- Coat of arms
- Interactive map of Gmina Odolanów
- Coordinates (Odolanów): 51°34′N 17°40′E﻿ / ﻿51.567°N 17.667°E
- Country: Poland
- Voivodeship: Greater Poland
- County: Ostrów
- Seat: Odolanów

Area
- • Total: 136.03 km^{2} (52.52 sq mi)

Population (2006)
- • Total: 13,867
- • Density: 101.94/km^{2} (264.03/sq mi)
- • Urban: 4,960
- • Rural: 8,907
- Website: http://www.odolanow.pl/

= Gmina Odolanów =

Gmina Odolanów is an urban-rural gmina (administrative district) in Ostrów County, Greater Poland Voivodeship, in west-central Poland. Its seat is the town of Odolanów, which lies approximately 10 km south of Ostrów Wielkopolski and 106 km south-east of the regional capital Poznań.

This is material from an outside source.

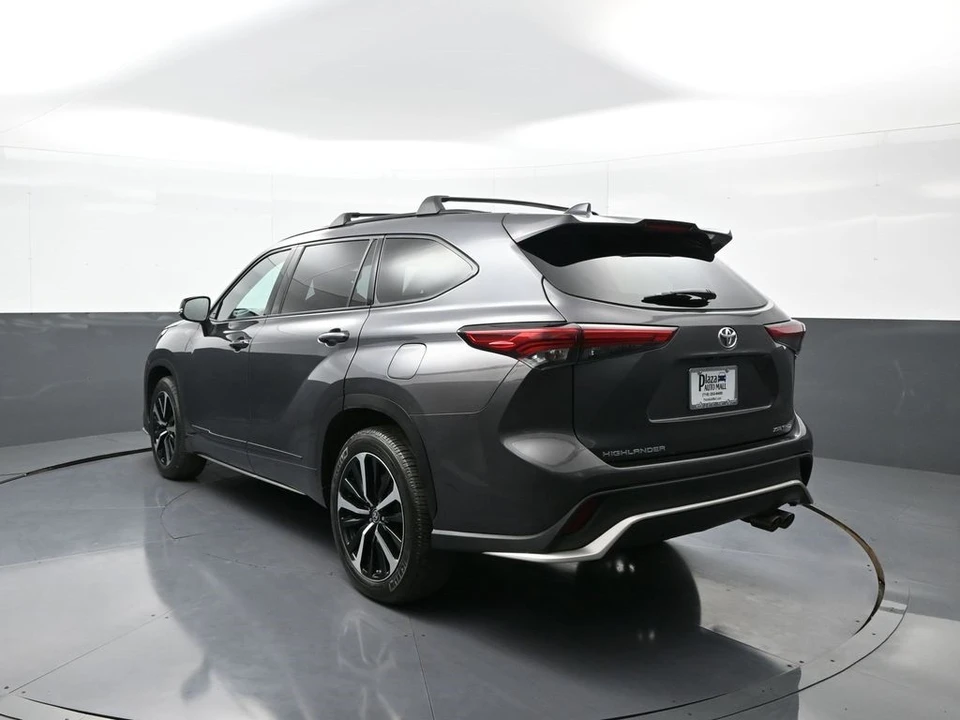 2021 Toyota Highlander - Image 8 of 12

The gmina covers an area of 136.03 km2, and as of 2006 its total population is 13,867 (out of which the population of Odolanów amounts to 4,960, and the population of the rural part of the gmina is 8,907).

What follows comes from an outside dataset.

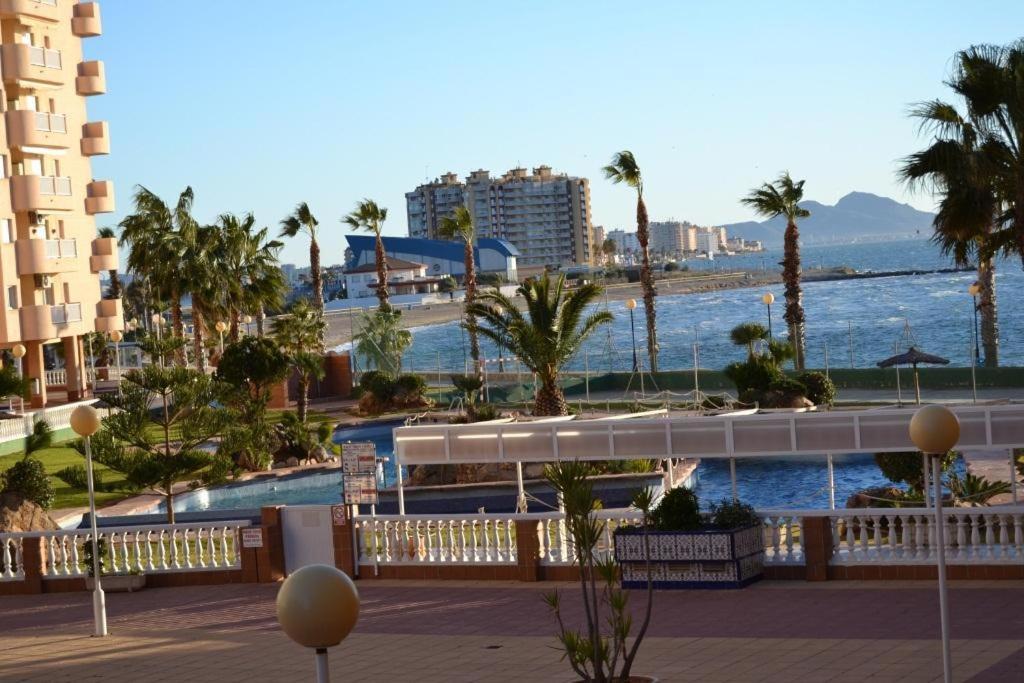 Apartamentos Turísticos Puerto Tomás Maestre La Manga del Mar Menor Esterno foto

The gmina contains part of the protected area called Barycz Valley Landscape Park.

==Villages==
Apart from the town of Odolanów, Gmina Odolanów contains the villages and settlements of Baby, Biadaszki, Boników, Garki, Gliśnica, Gorzyce Małe, Grochowiska, Huta, Kaczory, Kuroch, Lipiny, Nabyszyce, Nadstawki, Papiernia, Raczyce, Świeca, Tarchały Małe, Tarchały Wielkie, Trzcieliny, Uciechów, Wierzbno and Wisławka.

==Neighbouring gminas==
Gmina Odolanów is bordered by the town of Sulmierzyce and by the gminas of Milicz, Ostrów Wielkopolski, Przygodzice and Sośnie.